## PROBLEM TO WORK ON
Take the data below and copy exactly the lines starting at the one with "Transform your space" and finishing at the one with "#GLOBAL_ADVANTAGE #cinemalighting #automation", both included.

## RECORD SET

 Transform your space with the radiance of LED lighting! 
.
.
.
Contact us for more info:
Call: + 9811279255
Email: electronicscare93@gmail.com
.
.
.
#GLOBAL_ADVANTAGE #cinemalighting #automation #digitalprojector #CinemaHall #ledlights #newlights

...

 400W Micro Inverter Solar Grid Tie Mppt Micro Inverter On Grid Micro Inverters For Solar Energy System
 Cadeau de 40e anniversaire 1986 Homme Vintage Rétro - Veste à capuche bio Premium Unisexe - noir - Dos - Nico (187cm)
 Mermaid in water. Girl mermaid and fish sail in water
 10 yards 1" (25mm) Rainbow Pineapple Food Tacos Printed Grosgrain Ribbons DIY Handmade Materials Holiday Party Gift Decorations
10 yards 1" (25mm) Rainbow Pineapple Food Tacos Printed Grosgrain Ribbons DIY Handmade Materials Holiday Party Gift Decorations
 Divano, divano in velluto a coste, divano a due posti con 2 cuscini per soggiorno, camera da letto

## EXERCISE RESULT
 Transform your space with the radiance of LED lighting! 
.
.
.
Contact us for more info:
Call: + 9811279255
Email: electronicscare93@gmail.com
.
.
.
#GLOBAL_ADVANTAGE #cinemalighting #automation #digitalprojector #CinemaHall #ledlights #newlights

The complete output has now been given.